“这就是洛阳学院的那个女先生,还在学堂里说先贤的不对!就是她!”
“什么人啊!一个珠心算就以为自己多了不起了吗?不就是算学厉害吗?先贤的文章是她能够指责的吗?狂妄自大!”
“可辛苦了洛阳学院今年的学子!什么恪物学?不就是去做工匠吗?工匠能够有什么出息?什么学院有这个恪物学啊!学院瞎教,以后这些学子们怎么办?!”
“先生太年轻了啊!除了长得好看,算学好,这教书实在是不行,恪物?听都没有听说过!而且我可是听说洛阳学院这次招收的学子,其中有二十多个都是慈幼堂的孩子!”
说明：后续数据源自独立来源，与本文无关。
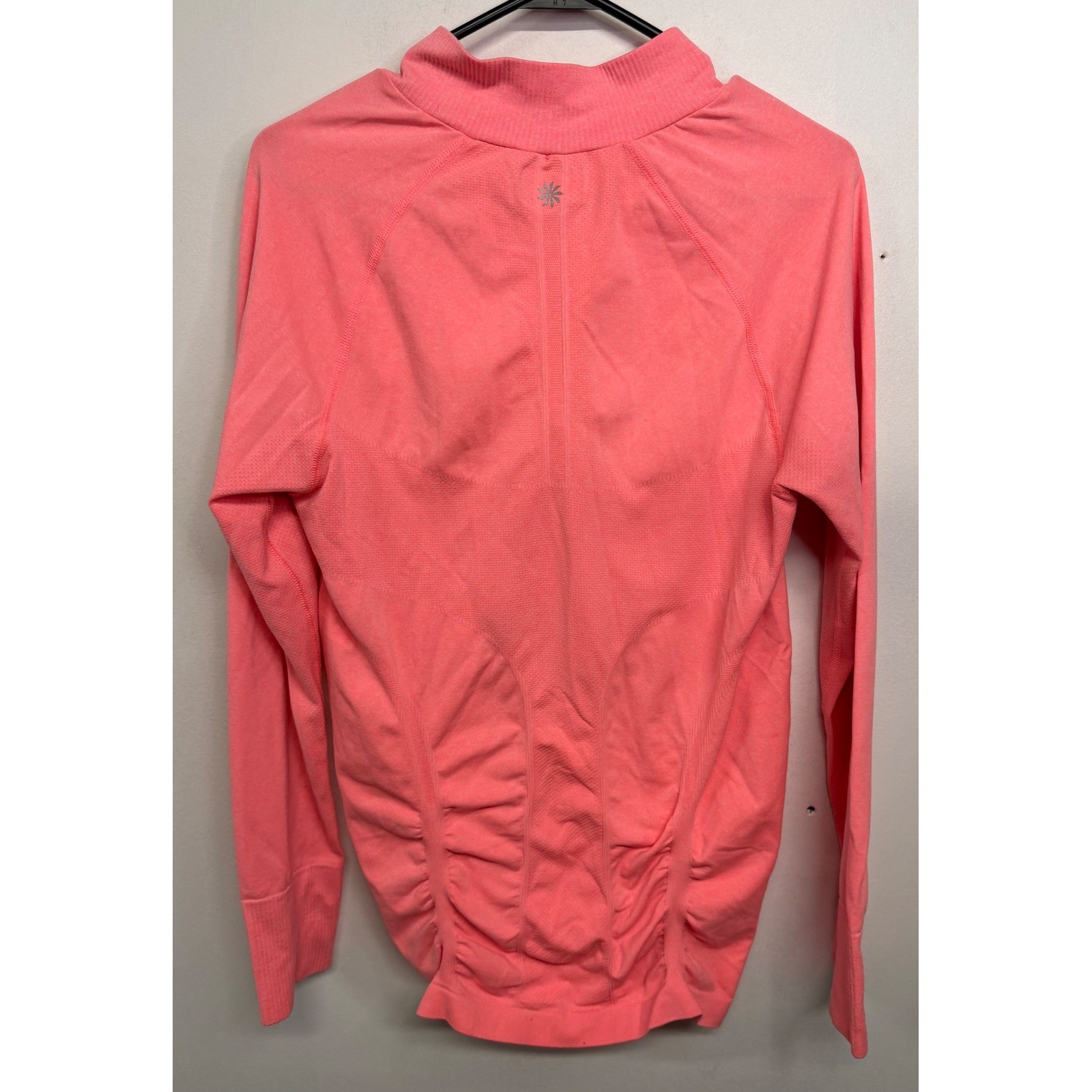 Athleta Momentum Quarter Zip Pullover Coral Pink XL Ruched Back Thumbholes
“什么?慈幼堂?哈哈哈哈哈哈哈我说呢!我身边一个送孩子去洛阳学院的都没有,怎么可能就招收满三十个学子了!原来有这么多都是慈幼堂的人,看来洛阳学院真的是没人愿意去啊!”
沈瑶穿梭过人群,耳边的话全当成没听见,只是摇了摇头,准备一笑而过,且视他人之疑目如盏盏鬼火,大胆地去走她的夜路。
石淑梵忍不住跺了跺脚,看着旁边的树,上去踢了一脚。
“嘭——”巨大的声响在众人的耳边响起,众人抿了抿唇,目瞪口呆。
力气这么大?
石淑梵拍了拍手,一脸轻松,小跳步回到沈瑶的身边,昂起头,“瑶瑶放心,我会保护你的!要是有人敢说你欺负你,我就像踢这个树一样踢他!”